The key here is rather than mandating a language or infrastructure APIs (e.g. caching, configuration) let the most compelling choices organically grow. If Go really is a better language for writing buildpacks then it will win. If it turns out that Ruby (or Node, or Python) is better, than those will win. We're still way too early to pick a winner.
I'm not sure what you mean by "this problem". I agree that the three Heroku entry points are a good external interface to buildpacks, but they don't solve the problem of sharing infrastructure between buildpacks.I actually think that Heroku's API of three simple bash entry points is a great solution to this problem. Today, there is nothing to stop you from writing a buildpack in Go.

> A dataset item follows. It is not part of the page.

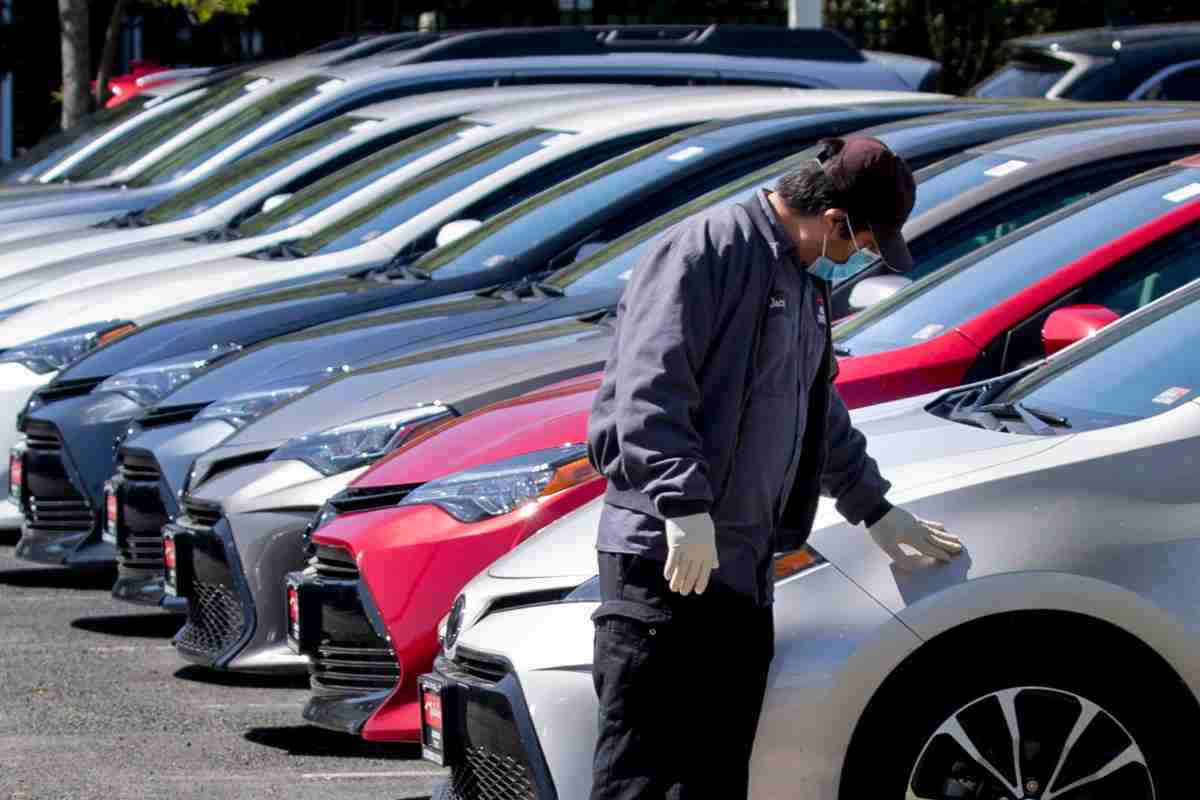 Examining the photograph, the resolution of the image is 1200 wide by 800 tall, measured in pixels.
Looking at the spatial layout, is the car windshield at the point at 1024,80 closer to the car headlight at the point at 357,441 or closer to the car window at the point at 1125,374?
the car headlight at the point at 357,441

Aligning with that, I don't think there there should be any requirement to use shared utility code either; it should simply be available if you want to.
Thanks Ben, Daniel, and Glyn for sharing your views on this and for your efforts to provide reuseable code other buildpacks to reuse.
It's a bit harder for cf users and potential contributors to keep up with a wide variety of languages in the cf ecosystem (go, ruby, python, bash) with each their own set of tools (dependency mgt, test/mock frameworks...), but I guess that's also what makes a rich, open and diverse community.
I'm wondering whether some generic features that were recently brought by buildpacks could be moved into the cf bosh release, or in common development tools, so that they benefit to all newly created buildpacks, e.g.
- could the buildpack cache feature be a standalone HTTP caching proxy (along with the debugging traces showing the buildpack cache content when debugging is enabled)
- some of the diagnostics developments in the java buildpack be moved to the dea (e.g. displaying last git commits for a custom git repo when debugging is enabled)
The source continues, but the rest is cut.